Copy out, from the data below, each line in which the word "фото" occurs.

# Provided records
□ □ □

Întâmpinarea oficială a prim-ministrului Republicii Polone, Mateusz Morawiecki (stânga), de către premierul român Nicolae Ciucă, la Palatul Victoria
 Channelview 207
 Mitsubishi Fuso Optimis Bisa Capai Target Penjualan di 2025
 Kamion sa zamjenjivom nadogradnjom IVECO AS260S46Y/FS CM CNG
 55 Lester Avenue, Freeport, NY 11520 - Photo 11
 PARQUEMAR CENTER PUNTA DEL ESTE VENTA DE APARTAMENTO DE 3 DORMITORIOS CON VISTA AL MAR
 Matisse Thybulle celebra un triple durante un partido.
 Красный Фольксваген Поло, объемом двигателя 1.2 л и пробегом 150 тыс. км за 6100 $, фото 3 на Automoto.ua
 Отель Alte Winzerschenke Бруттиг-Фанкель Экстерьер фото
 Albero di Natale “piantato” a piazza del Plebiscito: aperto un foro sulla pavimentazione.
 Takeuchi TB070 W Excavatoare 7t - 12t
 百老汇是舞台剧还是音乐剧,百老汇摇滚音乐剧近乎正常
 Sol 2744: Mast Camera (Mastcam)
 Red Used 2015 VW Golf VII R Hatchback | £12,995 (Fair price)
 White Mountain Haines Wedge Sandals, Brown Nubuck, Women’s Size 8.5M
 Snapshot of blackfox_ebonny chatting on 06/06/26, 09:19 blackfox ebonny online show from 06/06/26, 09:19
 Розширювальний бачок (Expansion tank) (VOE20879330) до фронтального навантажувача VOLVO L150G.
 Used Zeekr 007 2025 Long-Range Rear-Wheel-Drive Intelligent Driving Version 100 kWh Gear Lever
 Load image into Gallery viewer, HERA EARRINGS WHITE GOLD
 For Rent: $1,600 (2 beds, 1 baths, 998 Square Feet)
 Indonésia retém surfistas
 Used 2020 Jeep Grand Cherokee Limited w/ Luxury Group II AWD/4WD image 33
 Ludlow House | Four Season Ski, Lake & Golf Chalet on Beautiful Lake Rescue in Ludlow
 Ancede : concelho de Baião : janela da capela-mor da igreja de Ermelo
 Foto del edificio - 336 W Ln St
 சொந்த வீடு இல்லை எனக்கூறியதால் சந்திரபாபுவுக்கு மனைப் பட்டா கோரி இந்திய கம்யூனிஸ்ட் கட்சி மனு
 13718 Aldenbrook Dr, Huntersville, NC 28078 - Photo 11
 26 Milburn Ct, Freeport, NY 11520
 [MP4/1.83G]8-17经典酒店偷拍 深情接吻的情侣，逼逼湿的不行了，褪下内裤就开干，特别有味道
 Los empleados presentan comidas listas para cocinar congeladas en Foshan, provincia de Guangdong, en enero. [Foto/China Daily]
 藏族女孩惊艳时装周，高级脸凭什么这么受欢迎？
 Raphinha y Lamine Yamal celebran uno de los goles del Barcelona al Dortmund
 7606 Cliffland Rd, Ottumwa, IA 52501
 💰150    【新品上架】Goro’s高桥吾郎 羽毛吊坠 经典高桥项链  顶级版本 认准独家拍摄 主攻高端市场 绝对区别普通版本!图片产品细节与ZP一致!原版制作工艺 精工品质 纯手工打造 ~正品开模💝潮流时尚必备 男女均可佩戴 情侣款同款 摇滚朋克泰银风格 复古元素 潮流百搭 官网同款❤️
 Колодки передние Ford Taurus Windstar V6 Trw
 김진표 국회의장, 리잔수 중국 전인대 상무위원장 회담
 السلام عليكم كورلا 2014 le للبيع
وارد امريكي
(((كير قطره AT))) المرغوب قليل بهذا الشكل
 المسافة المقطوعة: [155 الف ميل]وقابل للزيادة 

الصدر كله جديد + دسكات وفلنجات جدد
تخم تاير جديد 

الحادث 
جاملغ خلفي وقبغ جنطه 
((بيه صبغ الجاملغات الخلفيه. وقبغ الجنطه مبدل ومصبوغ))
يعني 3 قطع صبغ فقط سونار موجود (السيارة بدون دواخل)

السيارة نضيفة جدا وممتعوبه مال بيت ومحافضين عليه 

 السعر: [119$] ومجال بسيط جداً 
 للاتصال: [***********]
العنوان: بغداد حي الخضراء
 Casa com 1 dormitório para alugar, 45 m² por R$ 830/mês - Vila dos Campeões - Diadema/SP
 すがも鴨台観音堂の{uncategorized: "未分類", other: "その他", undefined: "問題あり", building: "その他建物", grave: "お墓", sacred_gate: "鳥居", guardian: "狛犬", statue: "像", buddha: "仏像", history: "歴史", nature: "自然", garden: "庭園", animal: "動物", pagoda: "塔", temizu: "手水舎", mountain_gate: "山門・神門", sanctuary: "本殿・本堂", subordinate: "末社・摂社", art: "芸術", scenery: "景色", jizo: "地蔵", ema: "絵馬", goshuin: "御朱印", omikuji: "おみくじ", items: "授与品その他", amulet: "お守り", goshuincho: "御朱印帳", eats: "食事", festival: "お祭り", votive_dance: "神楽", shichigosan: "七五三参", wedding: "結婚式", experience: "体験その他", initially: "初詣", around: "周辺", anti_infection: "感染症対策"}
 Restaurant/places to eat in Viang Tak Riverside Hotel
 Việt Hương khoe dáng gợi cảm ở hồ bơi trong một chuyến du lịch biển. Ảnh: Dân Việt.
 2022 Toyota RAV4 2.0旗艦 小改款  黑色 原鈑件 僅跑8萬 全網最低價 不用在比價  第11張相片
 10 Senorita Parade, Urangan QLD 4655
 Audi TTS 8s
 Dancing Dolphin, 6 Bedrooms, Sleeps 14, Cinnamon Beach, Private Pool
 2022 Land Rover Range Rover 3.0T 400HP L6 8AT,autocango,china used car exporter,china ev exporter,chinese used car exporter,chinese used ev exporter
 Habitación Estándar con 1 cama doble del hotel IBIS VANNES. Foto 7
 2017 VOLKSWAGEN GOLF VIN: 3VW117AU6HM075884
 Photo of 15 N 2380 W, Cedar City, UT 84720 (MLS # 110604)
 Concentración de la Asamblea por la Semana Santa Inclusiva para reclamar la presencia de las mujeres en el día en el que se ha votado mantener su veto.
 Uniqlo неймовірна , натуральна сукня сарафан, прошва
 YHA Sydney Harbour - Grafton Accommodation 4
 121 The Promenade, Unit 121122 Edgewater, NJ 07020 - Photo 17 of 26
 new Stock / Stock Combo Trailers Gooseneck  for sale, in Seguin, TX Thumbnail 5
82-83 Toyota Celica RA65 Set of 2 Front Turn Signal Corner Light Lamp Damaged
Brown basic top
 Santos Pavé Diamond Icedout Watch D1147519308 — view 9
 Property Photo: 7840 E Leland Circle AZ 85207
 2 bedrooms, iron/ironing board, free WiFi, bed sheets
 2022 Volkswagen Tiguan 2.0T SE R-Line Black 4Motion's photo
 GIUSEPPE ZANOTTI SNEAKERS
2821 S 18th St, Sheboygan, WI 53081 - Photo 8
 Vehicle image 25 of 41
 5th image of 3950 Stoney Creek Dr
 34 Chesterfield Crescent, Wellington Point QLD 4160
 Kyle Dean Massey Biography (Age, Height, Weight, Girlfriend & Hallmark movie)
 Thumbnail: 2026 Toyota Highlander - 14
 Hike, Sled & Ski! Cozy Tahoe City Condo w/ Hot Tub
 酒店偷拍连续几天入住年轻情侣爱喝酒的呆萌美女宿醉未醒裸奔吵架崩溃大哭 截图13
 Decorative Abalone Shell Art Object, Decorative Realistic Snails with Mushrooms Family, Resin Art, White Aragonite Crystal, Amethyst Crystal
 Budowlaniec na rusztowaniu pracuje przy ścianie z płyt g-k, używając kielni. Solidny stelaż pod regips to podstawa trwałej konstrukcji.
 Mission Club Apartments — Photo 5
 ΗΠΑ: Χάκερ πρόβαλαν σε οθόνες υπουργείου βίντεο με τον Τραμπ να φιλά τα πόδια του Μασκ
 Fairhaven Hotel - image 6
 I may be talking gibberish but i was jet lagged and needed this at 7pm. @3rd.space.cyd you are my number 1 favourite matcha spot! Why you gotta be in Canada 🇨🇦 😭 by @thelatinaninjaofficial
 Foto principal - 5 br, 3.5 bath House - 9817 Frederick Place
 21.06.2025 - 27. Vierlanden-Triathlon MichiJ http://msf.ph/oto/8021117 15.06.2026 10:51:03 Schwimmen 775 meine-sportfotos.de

□ □ □

# Reply
 Красный Фольксваген Поло, объемом двигателя 1.2 л и пробегом 150 тыс. км за 6100 $, фото 3 на Automoto.ua
 Отель Alte Winzerschenke Бруттиг-Фанкель Экстерьер фото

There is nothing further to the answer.